Evolution of the Chern Gap in Kagome Magnet HoMn₆Sn_6−xGe_x

Abstract

The Chern gap is a unique topological feature that can host non-abelian particles. The Kagome lattice hosts Chern fermions. Upon the inclusion of magnetism, the Kagome system hosts a Chern gap at the K points in the lattice. In this work, the effect of Ge doping on HoMn${}_6$Sn${}_6$ is investigated. It is seen that with increased doping, a multi-stack Chern gap in formed in HoMn${}_6$Sn${}_{6-x}$Ge${}_x$. In addition, the Chern gaps are much more pronounced and disperse more in energy in HoMn${}_6$Ge${}_6$ then in HoMn${}_6$Sn${}_6$.

1. Introduction

Topological quantum materials are a rapidly growing field where researchers investigate novel non-trivial topological states in condensed matter. The discovery of 3D topological insulators with an insulating bulk and a conducting surface with a Dirac cone radically changed the field of condensed matter [1,2]. Since the discovery of topological insulators, Weyl and nodal line fermions have been discovered in TaAs-type materials [3,4,5,6,7,8] and ZrSiS-type materials [9,10,11,12,13,14,15], respectively. Furthermore, Dirac and Weyl semimetals have also been discovered to violate Lorentz invariance in their overtilted type-II phase in materials such as LaAlSi [16] or PtTe${}_2$ [17]. These discoveries have been focused on the topological invariant ${\mathbb{Z}}_2$. However, there exists another topological invariant that also hosts topologically nontrivial states: the Chern value $\mathbb{C}$.

In his seminal paper [18], Haldane formulated a tight binding model that was able to predict the formation of topologically non-trivial states in the hexagonal lattice. This was later discovered in cold atom systems [19,20] and in condensed matter as “Chern” Dirac fermions [21]. The Haldane tight binding model was then extended to the Kagome lattice, where there is a closing of the band gap at the K points and the formation of a Chern state [22,23]. Further investigation into the Kagome lattice showed that the anomalous hall effect was due to the Chern number of the system. Recently, Kagome systems [24] have been discovered to host large anomalous hall effects in Mn${}_3$X (X = Ge, Sn) [25,26].

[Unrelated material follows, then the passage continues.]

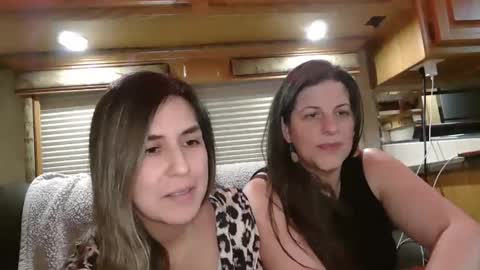 Snapshot of freckles4444 chatting on 11-28-25, 06:16 freckles4444 online show from 11-28-25, 06:16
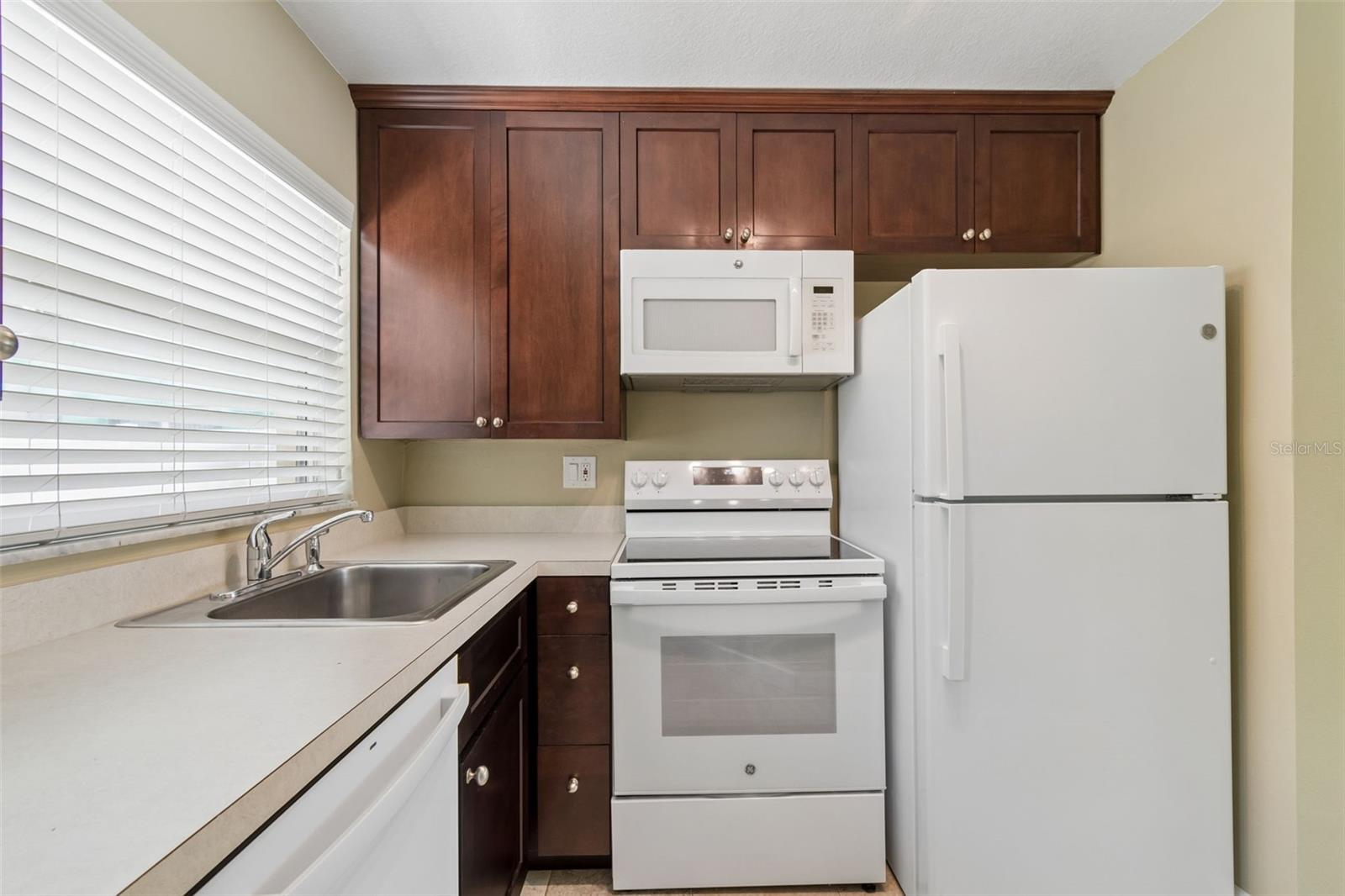 2307 BAY BLVD, INDIAN ROCKS BEACH, FL — photo 81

Recently, the HfFe${}_6$Ge${}_6$-type Kagome system [27,28,29,30,31,32] has been rediscovered as an ideal system to study the Chern state. Interestingly, the onset of magnetism in these materials is for a gaped Chern state, both in theoretical predictions and in experimental measurements [33,34,35]. The Kagome system crystallizes in space group 191 (P6/mmm) and has over 200 unique stoichiometric materials. Thusly, the Kagome system is one of the most tunable condensed matter systems explored in recent times. Although this system has many candidates for the discovery of new properties, there is a large interest in RMn${}_6$Sn${}_6$ (R = rare earth elements) [36,37], which can be easily grown with the in-flux technique. The Kagome system has one R atom in the center, with triangles at the K points composed of magnetic Mn atoms and nonmagnetic Sn atoms.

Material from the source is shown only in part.